Her days, however, were dwindling to a close, as were those also of Cardinal Consalvi. Just seven months after the decease of Pius VII. that eminent statesman followed him to the tomb. All Rome went to see him laid in state—all except Madame Récamier, who, full of the sorrow which the duchess would feel for his loss, and imagining that she would only be pained by such idle curiosity, drove to the solitude of the villa Borghese. On alighting from her carriage, she saw the tall and elegant figure of the duchess in deep mourning, and looking the picture of despair. To her astonishment the latter proposed that they should go and see the lifeless cardinal. It was, indeed, a solemn scene. The chaplains had retired for a brief space to dine, and the public were excluded. The ladies only entered to take their last look of human greatness. There he lay—the steady foe of the French revolution and the imperial despot, the minister of two popes during five-and-thirty years, the able and successful nuncio at the congress of Vienna. There he lay in the sleep of death, with his purple round him, and with his features still beautiful, calm, and severe.
Madame Récamier and her niece fell on their knees, praying fervently for the departed, and still more so for the lonely friend beside them, who had survived all the affections of her youth.
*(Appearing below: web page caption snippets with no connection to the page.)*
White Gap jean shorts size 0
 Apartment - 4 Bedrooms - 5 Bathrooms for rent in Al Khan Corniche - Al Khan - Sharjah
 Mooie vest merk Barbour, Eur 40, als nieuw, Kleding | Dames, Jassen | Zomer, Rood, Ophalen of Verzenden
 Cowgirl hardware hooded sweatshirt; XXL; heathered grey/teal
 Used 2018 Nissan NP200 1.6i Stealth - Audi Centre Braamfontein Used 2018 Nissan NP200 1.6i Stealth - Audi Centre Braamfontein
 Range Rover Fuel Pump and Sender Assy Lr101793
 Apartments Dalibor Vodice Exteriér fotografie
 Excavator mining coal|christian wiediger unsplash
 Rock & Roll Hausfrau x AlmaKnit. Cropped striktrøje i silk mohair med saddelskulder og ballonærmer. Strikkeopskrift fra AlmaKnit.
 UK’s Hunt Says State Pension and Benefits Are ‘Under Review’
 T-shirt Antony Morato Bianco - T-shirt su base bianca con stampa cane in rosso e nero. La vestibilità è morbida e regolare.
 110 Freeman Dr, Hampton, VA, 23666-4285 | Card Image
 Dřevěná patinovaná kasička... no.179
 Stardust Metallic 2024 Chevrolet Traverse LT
She did not long survive. In March, 1824, she expired after a few days' illness. No one had been allowed to approach her till the last moment and for this extraordinary exclusion different reasons are assigned. Madame Récamier and the Duc de Laval believed that it was through fear lest she should declare herself a Catholic. They were admitted just before the vital spark was extinguished, and she died while they knelt beside her, and Madame Récamier held her wan hand, and bathed it with tears. After again visiting Naples, after excursions round the gulf, and reading as she went the glowing descriptions of Chateaubriand and de Staël, while the ardent Ampère and the meditative Ballanche supplied their living comments, Madame Récamier returned to spend her second winter in Rome, and enjoy the society of the Duc de Noailles and Madame Swetchine. The duke was in his twenty-third year, and she used to say that he was the last and youngest of those whom she called her real friends. His subsequent history of Madame de Maintenon proves how just a claim he had to be so regarded.